* **Your objective**:
Nothing but an exact repeat of the data, with pictures removed, belongs in the answer.

"""

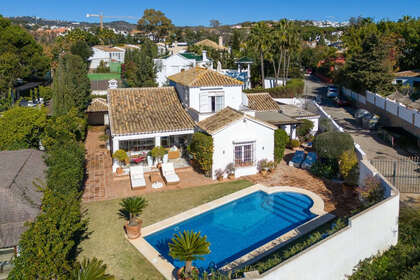 Cluster house for sale in Puerto de Cabopino, Marbella, Málaga. 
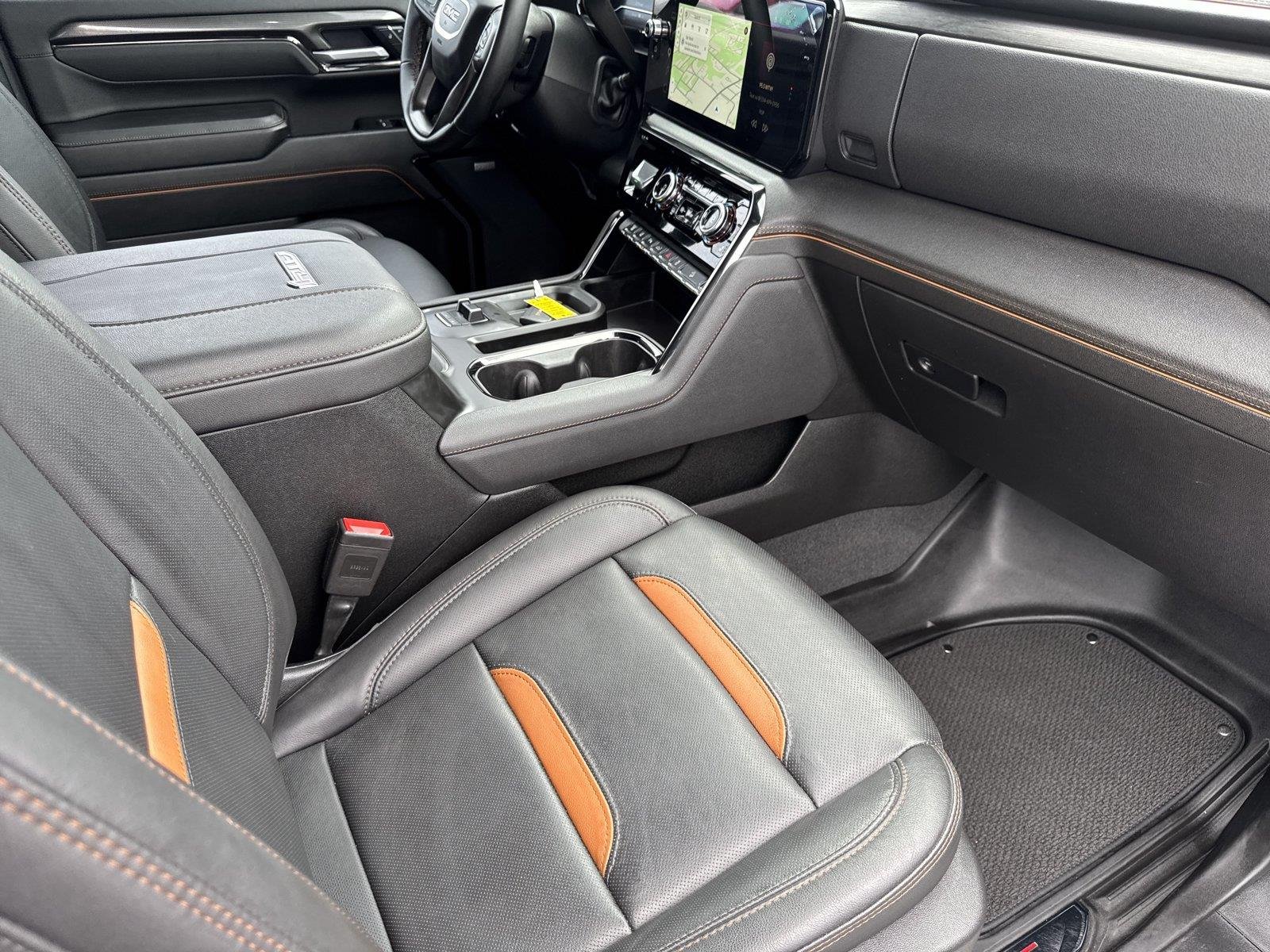 Used 2025 Sterling Metallic GMC AT4 image 36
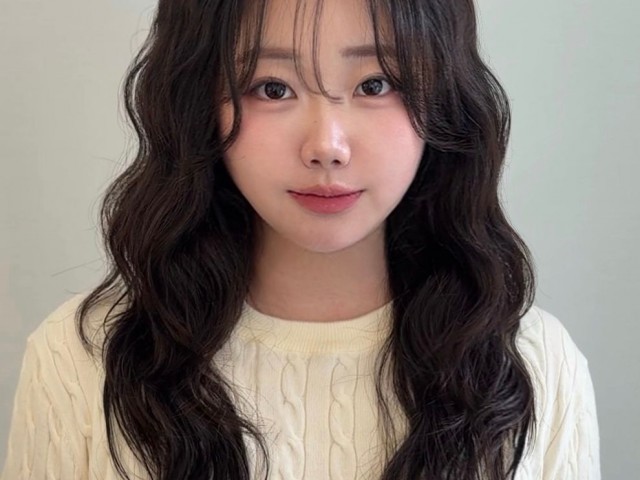 성신여대 미용실 살롱드바이퍼스트 은비 러블리하고 귀여운 무드를 만들어주는…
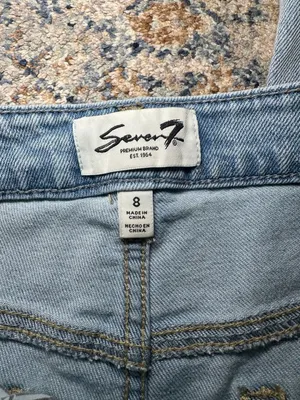 Seven7 Women's Size 8 Light Wash Straight Leg Jeans thumbnail 2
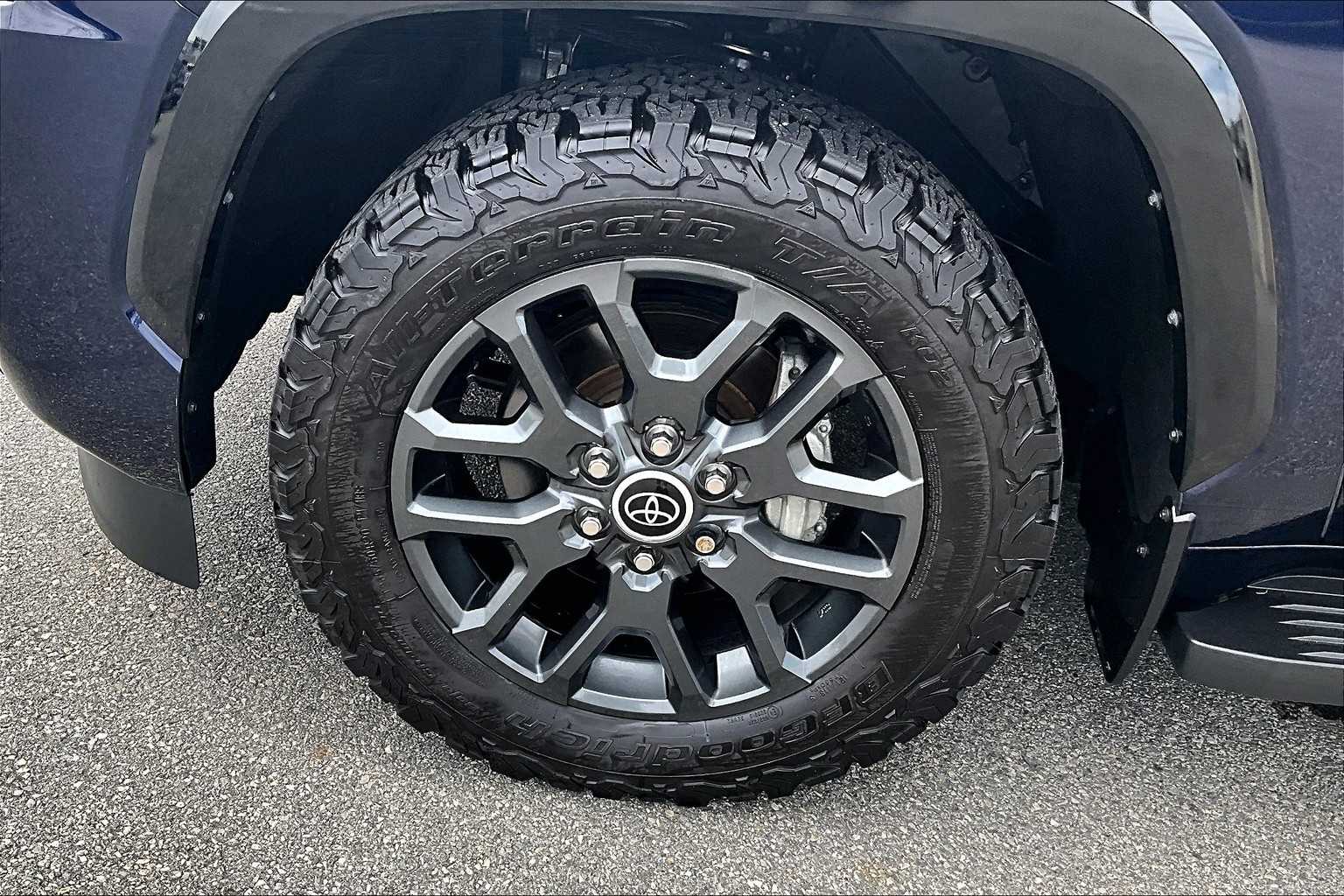 2023 Toyota Sequoia Platinum - Photo 7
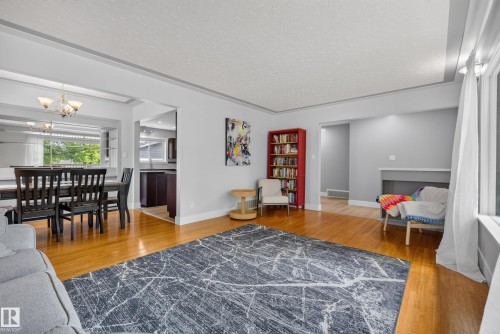 6216 93 Avenue, Edmonton, AB 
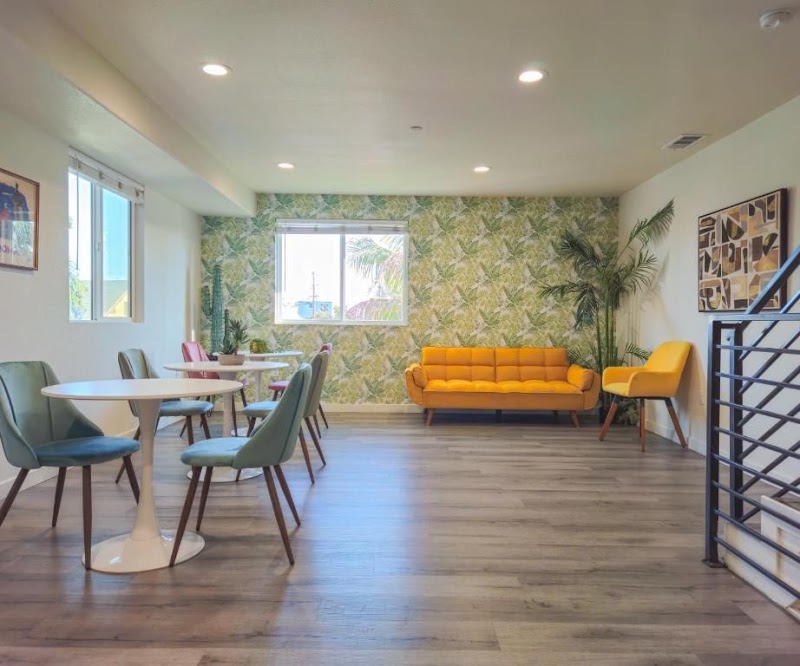 Forty First Place - Boutique Hostel - Forty First Place - Boutique Hostel, 615 W 41st Pl, Los Angeles, CA 90037, USA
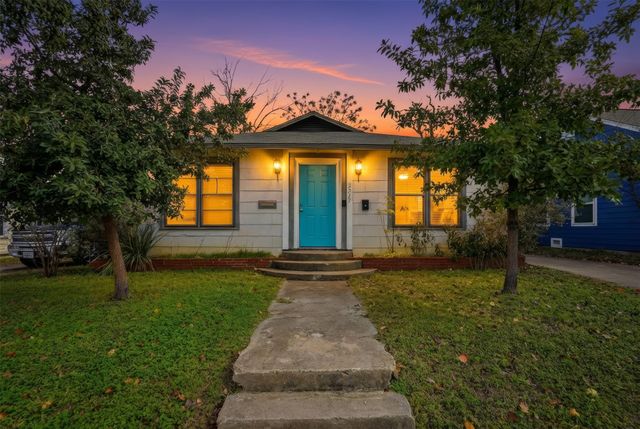 2517 Wayside Avenue, Fort Worth, TX 76110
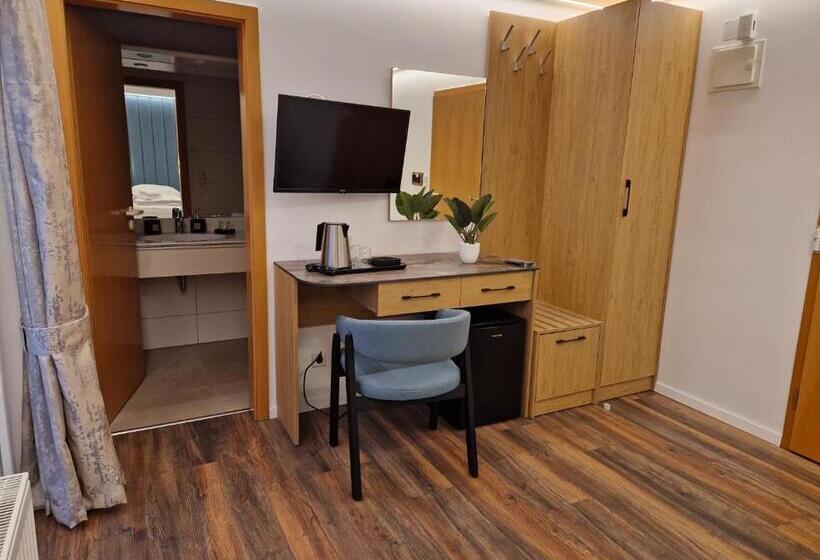 スタンダードルーム, Lottstetten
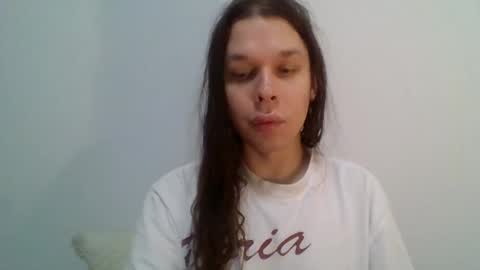 Snapshot of dobb582726 chatting on December 18, 9:43 pm dobb582726 online show from December 18, 9:43 pm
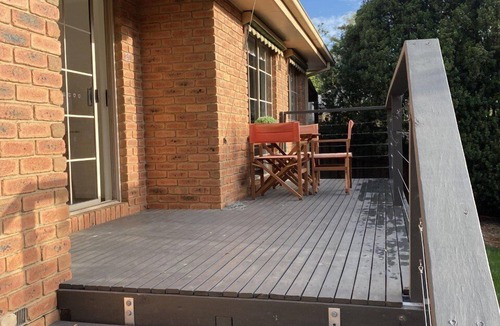 Healesville House | Valley House - stay with us in comfort
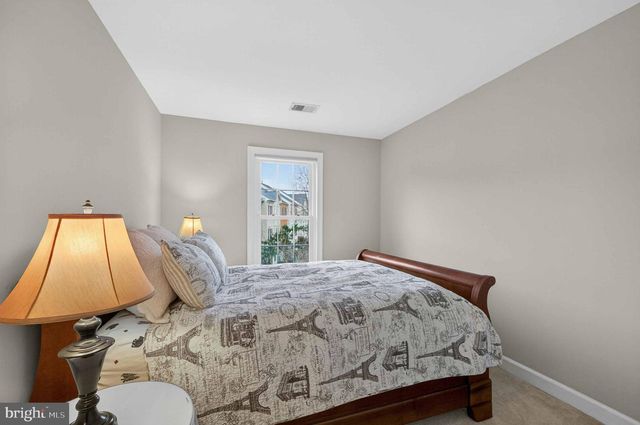 904 HARRISON CIR, Alexandria, VA 22304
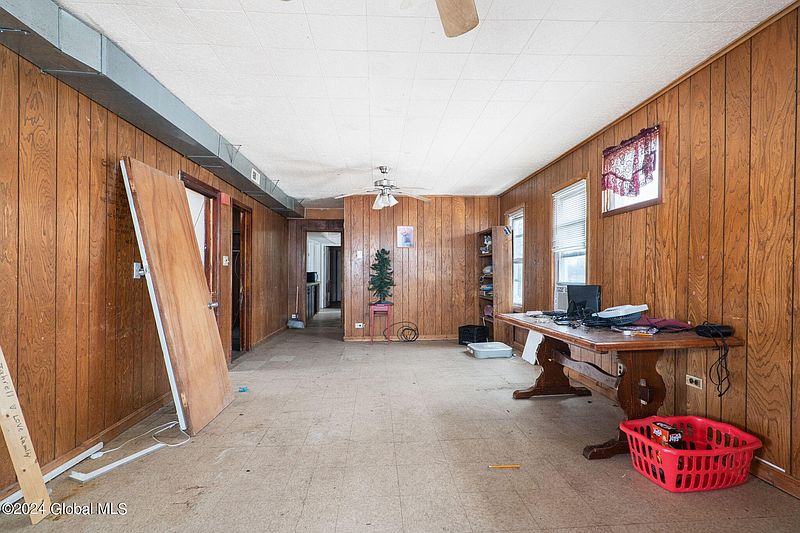 5th image of 1052 Cutler Street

"""

* **Result**:
 Cluster house for sale in Puerto de Cabopino, Marbella, Málaga. 
 Used 2025 Sterling Metallic GMC AT4 image 36
 성신여대 미용실 살롱드바이퍼스트 은비 러블리하고 귀여운 무드를 만들어주는…
 Seven7 Women's Size 8 Light Wash Straight Leg Jeans thumbnail 2
 2023 Toyota Sequoia Platinum - Photo 7
 6216 93 Avenue, Edmonton, AB 
 Forty First Place - Boutique Hostel - Forty First Place - Boutique Hostel, 615 W 41st Pl, Los Angeles, CA 90037, USA
 2517 Wayside Avenue, Fort Worth, TX 76110
 スタンダードルーム, Lottstetten
 Snapshot of dobb582726 chatting on December 18, 9:43 pm dobb582726 online show from December 18, 9:43 pm
 Healesville House | Valley House - stay with us in comfort
 904 HARRISON CIR, Alexandria, VA 22304
 5th image of 1052 Cutler Street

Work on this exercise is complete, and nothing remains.